### Assignment
Each line from the one containing "Husbil-halvintegrerad Swift Toscane" to the end of the material below is to be restated exactly, with pictures skipped.

### Supplied material
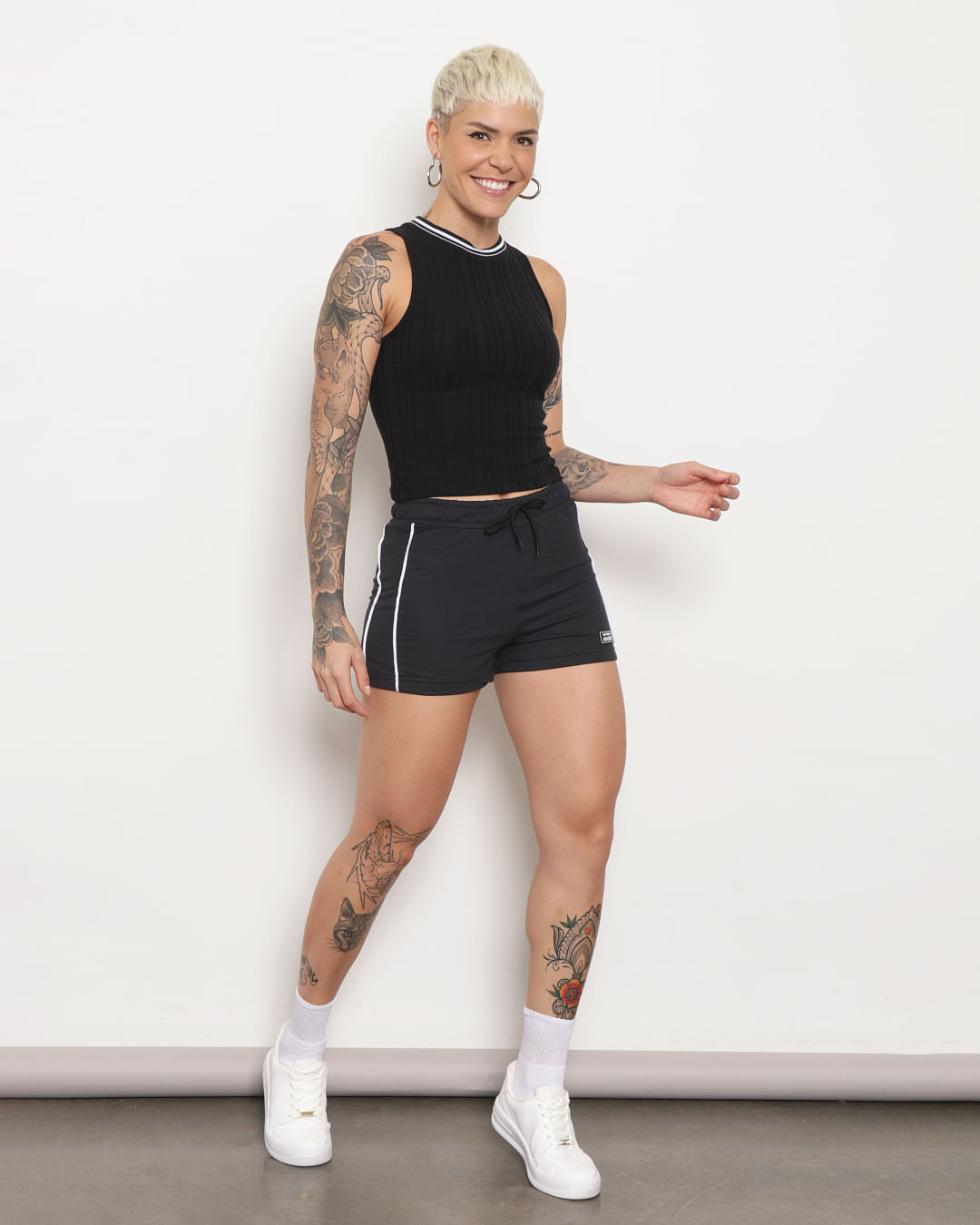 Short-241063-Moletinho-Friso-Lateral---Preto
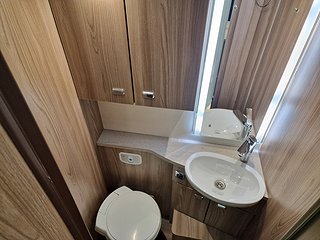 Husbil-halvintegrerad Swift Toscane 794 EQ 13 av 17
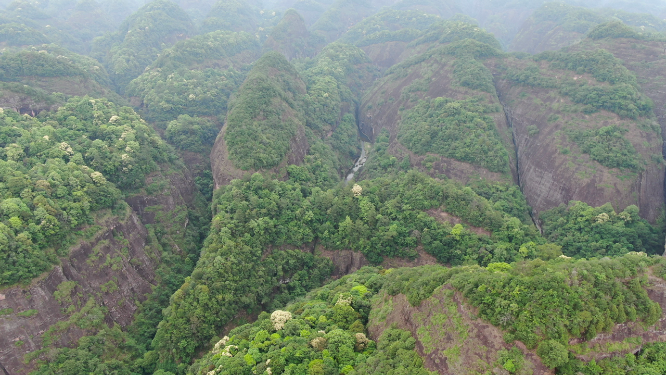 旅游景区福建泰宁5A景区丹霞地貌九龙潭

### Exercise output
 Husbil-halvintegrerad Swift Toscane 794 EQ 13 av 17
 旅游景区福建泰宁5A景区丹霞地貌九龙潭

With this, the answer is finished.